# PROBLEM REQUIREMENTS:
Go to the line holding "Autumn/Winter |ID: prp329100004182971 ipo3291000000035655621" in the data below and repeat it exactly, then each line after it up to and including the one holding "This space got". Omit pictures.

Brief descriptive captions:
▬▬▬▬▬▬
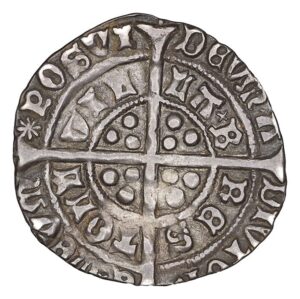 Edward IV AR Groat - House of York (Bristol Mint)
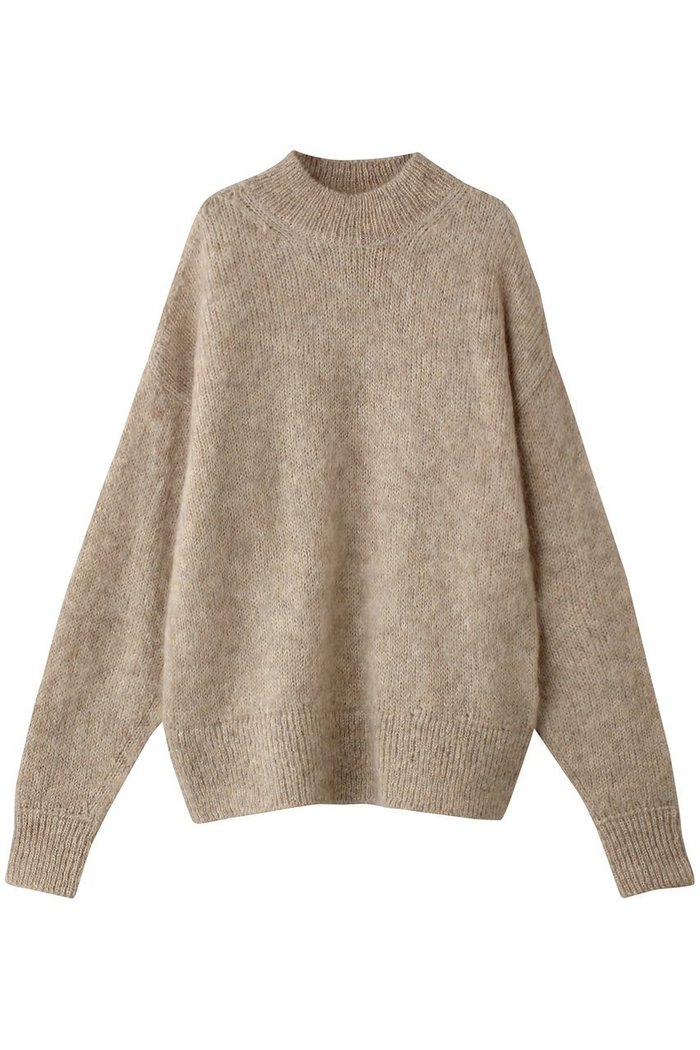 【セアン/SCEARN】のMELANGE KNIT Round Neck Pullover/ニット インテリア・キッズ・メンズ・レディースファッション・服の通販 founy(ファウニー) https://founy.com/ ファッション Fashion レディースファッション Fashion for Women トップス・カットソー Cut & Sew Tops ニット Knit Tops & Sweaters カジュアルプルオーバー・ニットトップス Pullovers & Knit Tops / Casual Pullovers ウォーム Warm Fabric ラウンド Round, Round Neck A/W・秋冬 Autumn/Winter |ID: prp329100004182971 ipo3291000000035655621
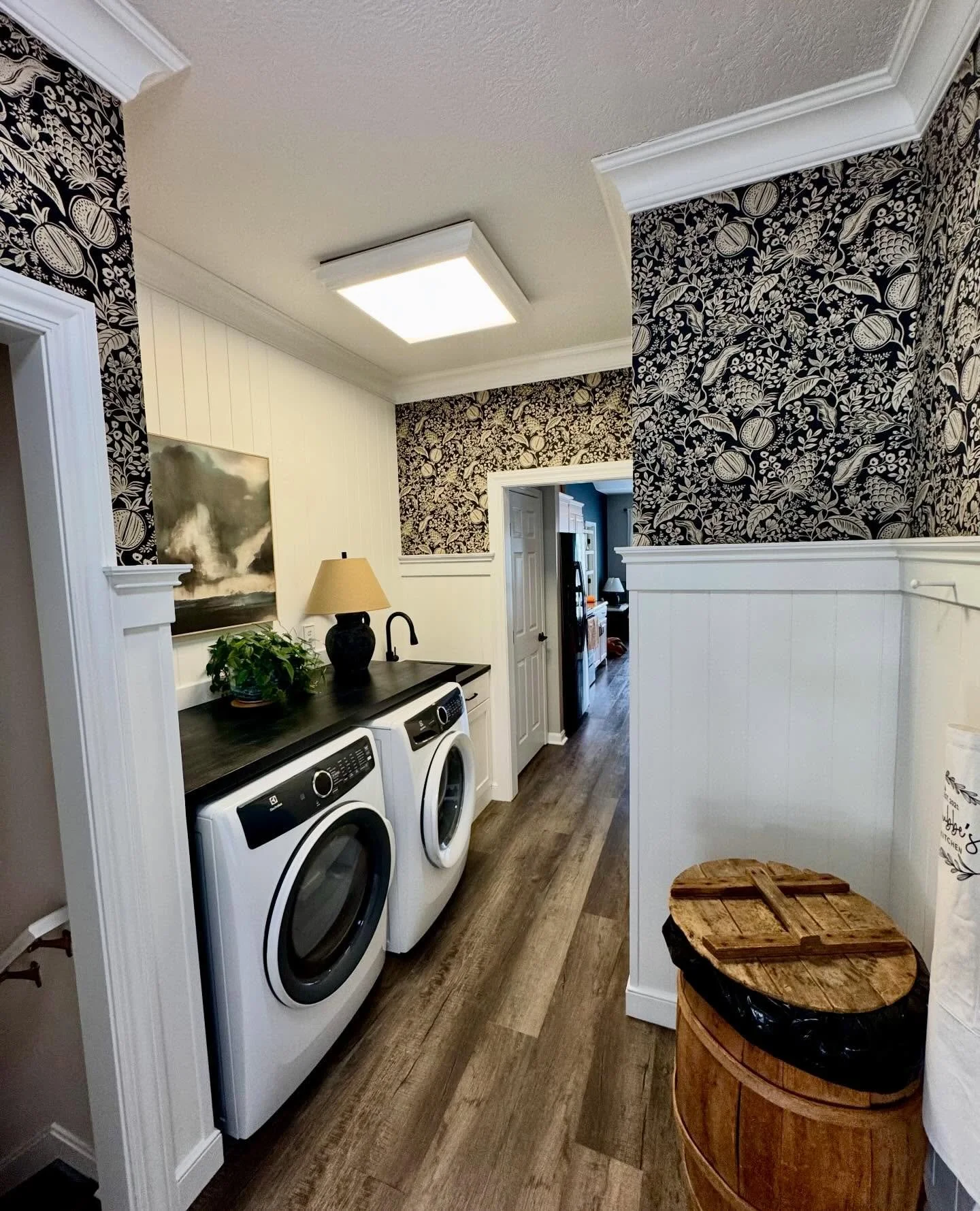 ✨ Laundry Room Makeover Reveal ✨

This space got a total refresh &mdash; and it&rsquo;s not just about looks. 🙌

We redesigned the layout with a wider walkway to support aging in place, making it safer and more comfortable for years to come. With th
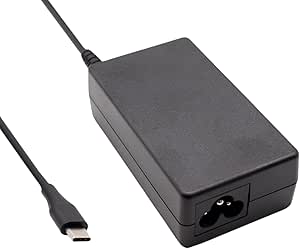 65W USB C Chargeur Adaptateur Secteur Type C NEW POW Pour HP Pro X2 612 G2; HP ProBook 440 450 430 445 455 G6 745 G5 - Chargeur Et Câble D'alimentation PC - Achat & Prix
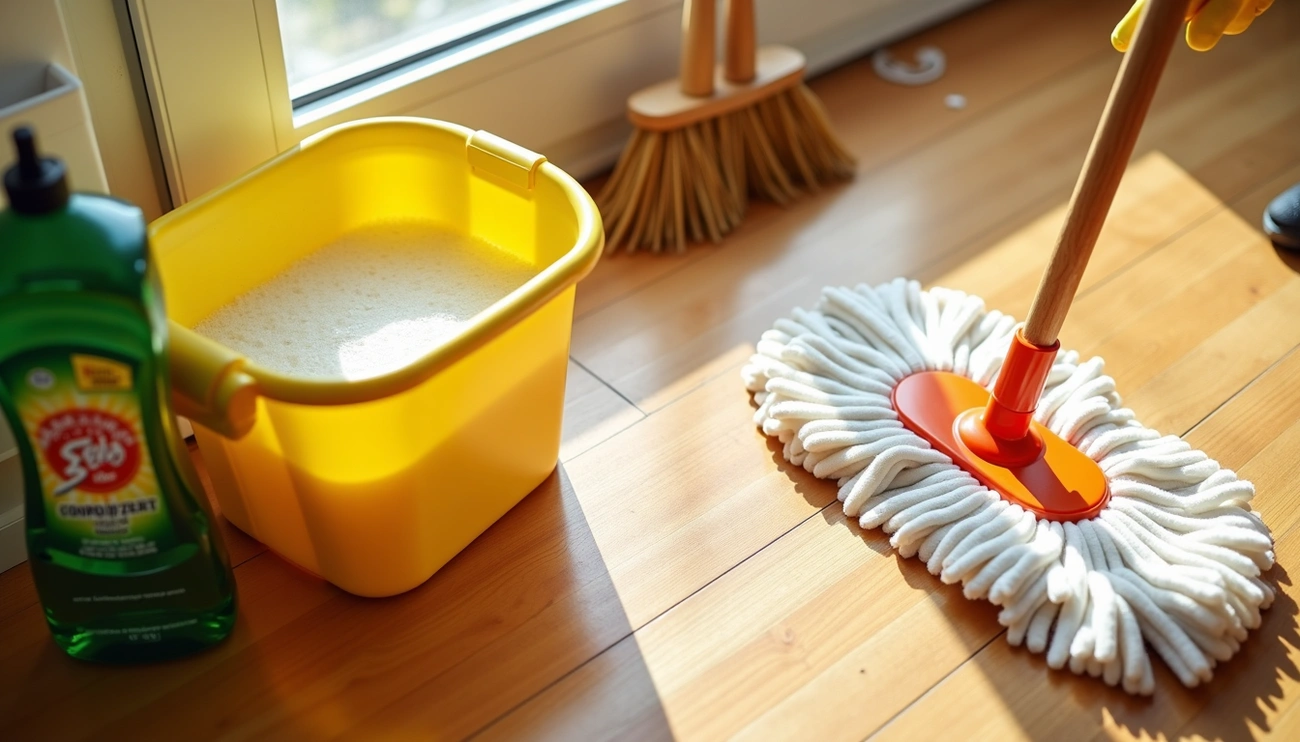 How to Mop with Pine-Sol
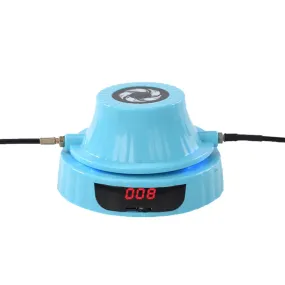 AWU-028 Smart Digital Display Electronic Counting Colorful Light Effect Remote Rope Skipper(Sky Blue)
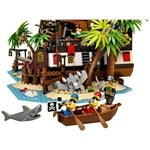 Lego Ideas 21322 Zátoka pirátů z lodě Barakuda7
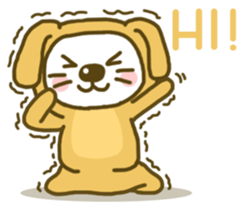 My cute dog sticker #7744120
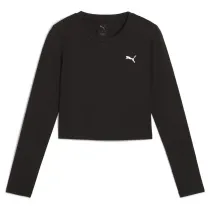 blusa corta con mangas puma wardrobe mujer 629761 01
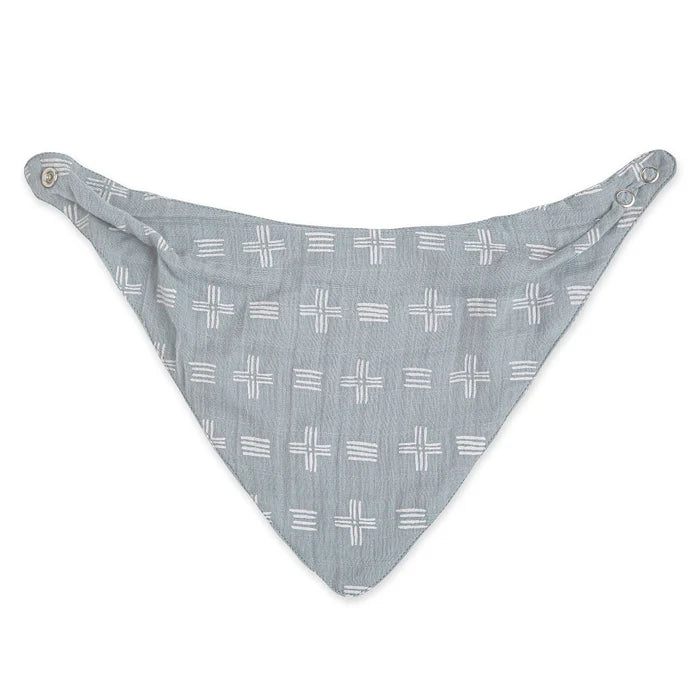 Crane Baby Bandana Bib Set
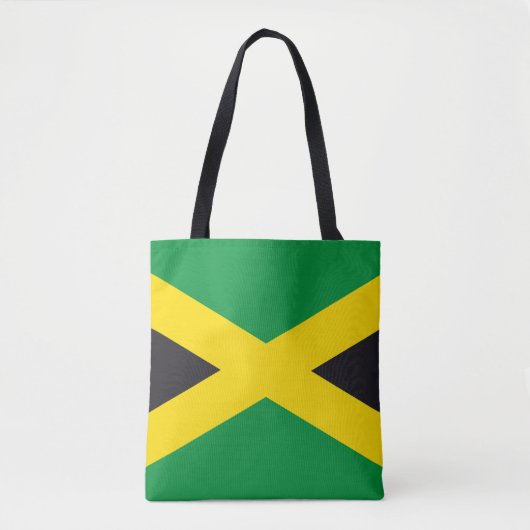 Tote Bag Drapeau jamaïcain (Devant)
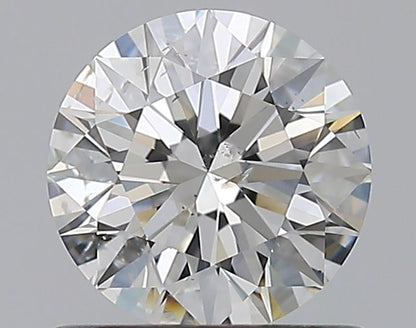 0.80CT ROUND SI2 E WH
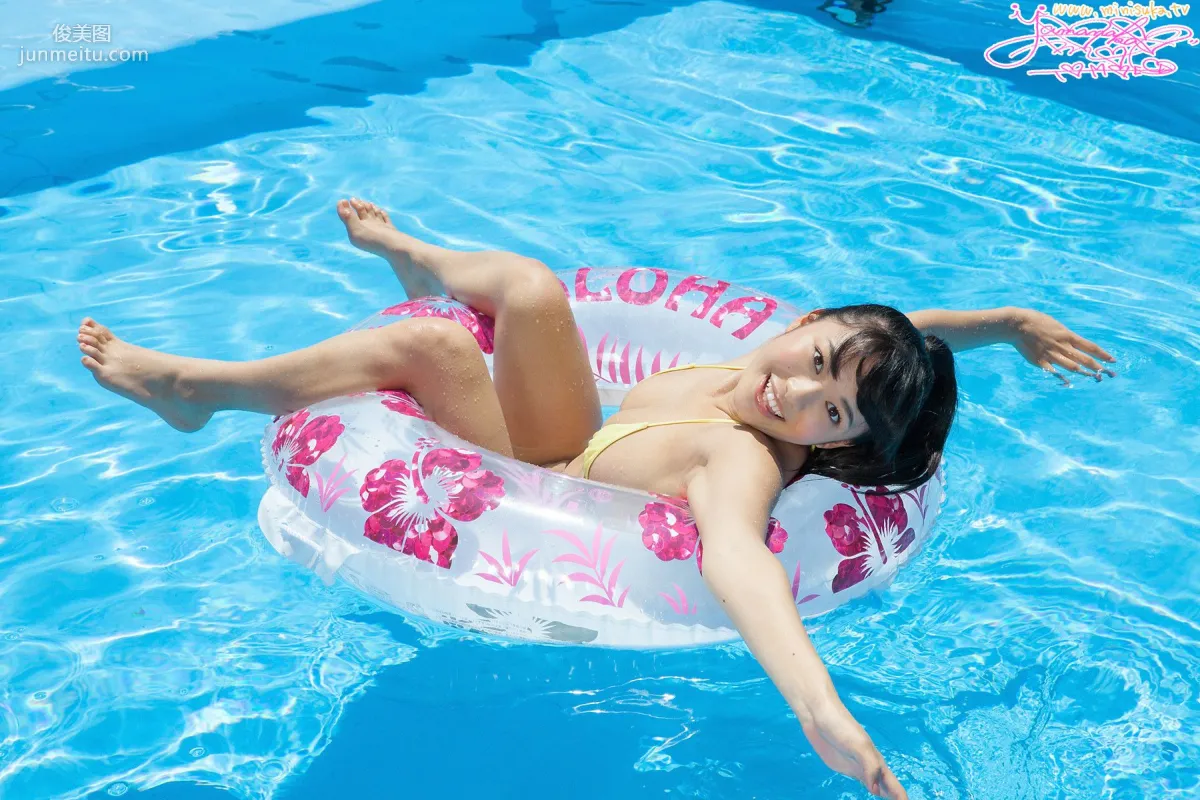 山中知惠 第二十四部 現役女子高生グラビア [Minisuka.tv] 寫真集 40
▬▬▬▬▬▬
# WORKED SOLUTION:
 【セアン/SCEARN】のMELANGE KNIT Round Neck Pullover/ニット インテリア・キッズ・メンズ・レディースファッション・服の通販 founy(ファウニー) https://founy.com/ ファッション Fashion レディースファッション Fashion for Women トップス・カットソー Cut & Sew Tops ニット Knit Tops & Sweaters カジュアルプルオーバー・ニットトップス Pullovers & Knit Tops / Casual Pullovers ウォーム Warm Fabric ラウンド Round, Round Neck A/W・秋冬 Autumn/Winter |ID: prp329100004182971 ipo3291000000035655621
 ✨ Laundry Room Makeover Reveal ✨

This space got a total refresh &mdash; and it&rsquo;s not just about looks. 🙌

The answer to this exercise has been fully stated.